This morning I was asked something that I didn’t think would hit me as hard as it did, let alone cause a mini crying fit. It was like a gut punch, and one that I’ve subconsciously been ignoring for who knows how long and the right person with the right question brought my awareness to it.
"Were you told to shut up a lot in previous relationships?"
Such a simple question, but one that cut a lot deeper than I thought it would.
There will be times that I’ll start rambling and when I realize that, I end with “I’m just going to stop talking now”, which is exactly what I did in this conversation with Nick. And it’s not the 1st time I’ve done it in a chat with him or others… he’s just the only one to have called me out on it.
I stopped to think about his question before responding, and that pause brought me through a highlight reel of times where one of the following:
- my voice wasn’t being heard
- I was shut down before speaking or for my thoughts
- I didn’t feel confident enough to speak due to being shut down previously
Any one of those situations is horrible. It’s uncomfortable. You feel invalid. And it’s because someone believes they’re above you in some way or another.

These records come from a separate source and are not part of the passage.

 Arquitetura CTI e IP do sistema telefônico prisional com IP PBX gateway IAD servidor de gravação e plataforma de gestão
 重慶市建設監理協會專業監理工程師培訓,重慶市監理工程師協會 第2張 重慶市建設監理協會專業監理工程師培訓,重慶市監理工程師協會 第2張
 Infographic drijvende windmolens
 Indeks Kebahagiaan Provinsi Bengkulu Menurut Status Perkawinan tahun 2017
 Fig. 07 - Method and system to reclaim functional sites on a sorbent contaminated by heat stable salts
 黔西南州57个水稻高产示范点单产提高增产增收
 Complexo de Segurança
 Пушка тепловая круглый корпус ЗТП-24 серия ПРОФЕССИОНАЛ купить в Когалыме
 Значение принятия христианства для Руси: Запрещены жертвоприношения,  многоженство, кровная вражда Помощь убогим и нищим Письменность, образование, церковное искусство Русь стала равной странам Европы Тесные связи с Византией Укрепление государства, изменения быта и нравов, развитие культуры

But to answer the question simply,
Yes, I have been told to shut up before – whether vocally, by the person’s body language, or reading the room…
Relationships are tough, and I’m not talking about romantic relationships only. I’m talking family, friends, work, etc. Those are ALL relationships that have a large impact on you, your emotions / mentality, and your life.

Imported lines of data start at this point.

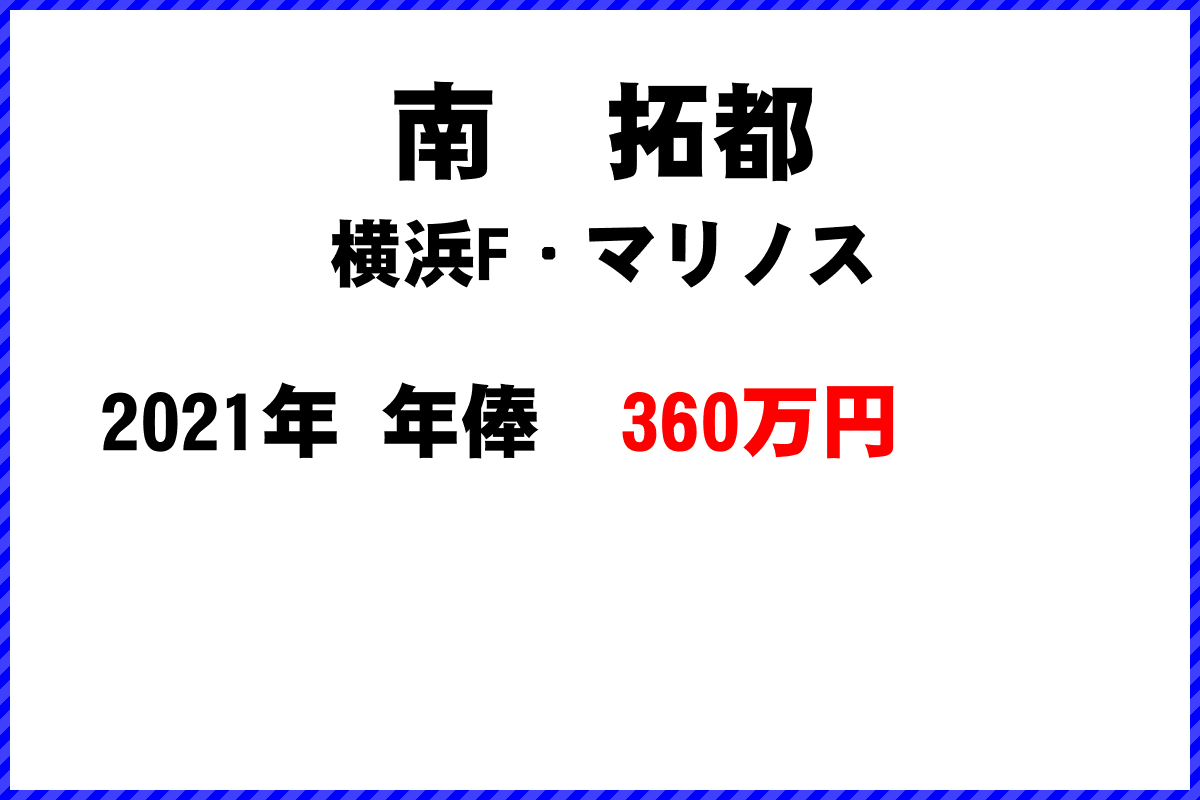 南拓都選手の年俸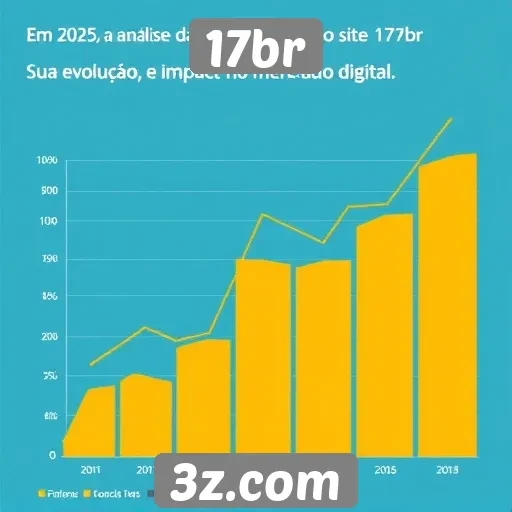 Análise da performance do site 17br em 2025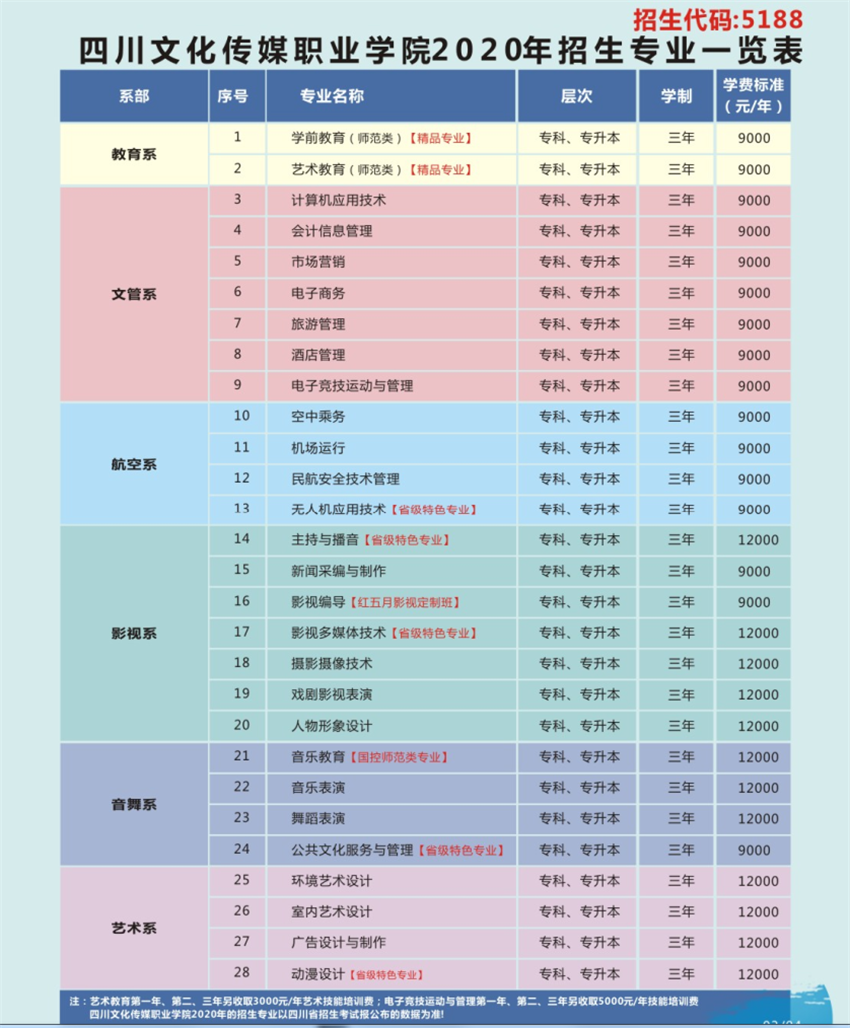 四川文化传媒职业学院招生考试详情公布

There was a time when I wouldn’t talk a whole lot with close family members because I felt that they didn’t care. That they didn’t care or couldn’t be bothered with what I had to say. I was scared to show my emotions, to share my feelings in fear of being judged or shut down. I feared being told how I felt, rather than having my true feelings validated.
And thinking about this now, it breaks my heart.
It breaks my heart because I know these Beings are my biggest supporters. It hurts because I thought there was lack of connection, and maybe there was then, but maybe not. But because of my insecurities, I locked them out and felt like I didn’t matter or was enough. I realize that that wasn’t/ isn’t the case now.
I realize that they care, that they want to be around me, and that they’re happy to hear me ramble on about nothing because it’s connection…they get an inside look at Mariah which was a rarity before.
Recently, I had a conversation where I was open about my opinions / feelings towards whatever we were talking about. In the conversation, the response I received was to change my words and TELL me how I felt. MY feelings and my thoughts were not acknowledged, but told me how I was feeling. That is absolutely not okay, and I don’t stand for that shit.
Maybe 3+ years ago I would have bowed down and went with whatever they said. But today, NO WAY. And I hope you don’t either.
Please understand this.
No one has the power to:
Validate you, except for yourself.
Tell you who you are, except for yourself.
Tell you what you’re thoughts / feelings are, except for yourself.
Promise me that:
You will be true to yourself.
You will speak your truth.
You will honor yourself, your thoughts, and your feelings above all others.
You will seek to understand yourself and those around you
You will value yourself & not seek worth from others.
And if you’re the jackass that’s up on their high horse, get down.
Save face and get down now before someone pulls you down and embarrasses you…I say this with all the love 😉
Be YOU and be 100% absolutely PROUD of who you are.
We are all in this fight to survive in this crazy world.
Find your strength within yourself and nobody else.